Small-cap stocks are the best place to invest if you want to get rich. So today I’m looking at two such stocks which have tremendous growth potential that I’m considering adding to my portfolio.
IFG (LSE: IFP) is a financial services group based in Ireland. With a market capitalisation of around £150m, the company flies under the radar of most institutional investors, but I believe it could be a great addition to any portfolio.
Over the past five years, IFG’s results have been mixed. Revenue has hardly grown, and the business reported a net loss last year, down from a net profit of around £22m in 2012. These figures are disappointing, but they don’t display the whole picture. Excluding one-off items, normalised earnings per share (EPS) have increased by 150% since 2012.
City analysts are expecting this trend to continue. EPS growth of 37% is forecast for 2018 and 16% for 2019.
It looks as if the business is well on the way to meeting these figures.
IFG’s preliminary statement for the half year ended 30 June shows a 42% increase in adjusted EPS to 4.2p.

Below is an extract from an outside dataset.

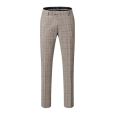 JOOP! MUŠKE PANTALONE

For the period, revenue expanded 12% and adjusted operating profit grew 54% to £5.7m.
The company has been boosted by rising demand for self-invested personal pensions or SIPPS. For the six months to the end of June, 2,469 new SIPPs were opened with the group’s James Hay wealth management business, and a further 134 clients opened new SIPPs with its Saunderson House business. Overall assets under administration rose 8% to £31.bn.
Unfortunately, the firm is also dealing with the number of legacy issues that have “significant taxation and regulatory components.” Dealing with these problems consumed £3.2m of profit during the first six months of the year.
I reckon this dark cloud is to blame for IFG’s low valuation of just 13.2 times forward earnings. That said, I’m attracted to the company because once these legacy issues are complete, shares could re-rate substantially higher. There is also a 3.2% dividend yield on offer while you wait.
Return to stability
If IFG’s complex legacy issues have put you off, another small-cap growth stock I’m interested in is Volex (LSE: VLX).
After losing a significant contract in the first half of this decade, Volex has spent the last several years trying to rebuild its business. Fiscal 2018 was the first year in five that the group has reported a positive net profit.
However despite the progress, it looks to me as if the market isn’t ready to give the company the benefit of the doubt just yet. Based on the City’s number for fiscal 2019, the stock is trading at a forward P/E of only 9.7.
I believe this is an excellent opportunity for risk-tolerant investors to buy into the company before the rest of the market. I reckon buyers will return when management can prove it has stabilised the business, which will take several years. Analysts believe normalised earnings per share will grow by around 10% for the next two years. If the group can meet these figures, it should be proof enough that Volex has moved on from its previous troubles.
Adding to the investment case is $10m of net cash on the balance sheet, which only makes this a more attractive investment opportunity in my opinion.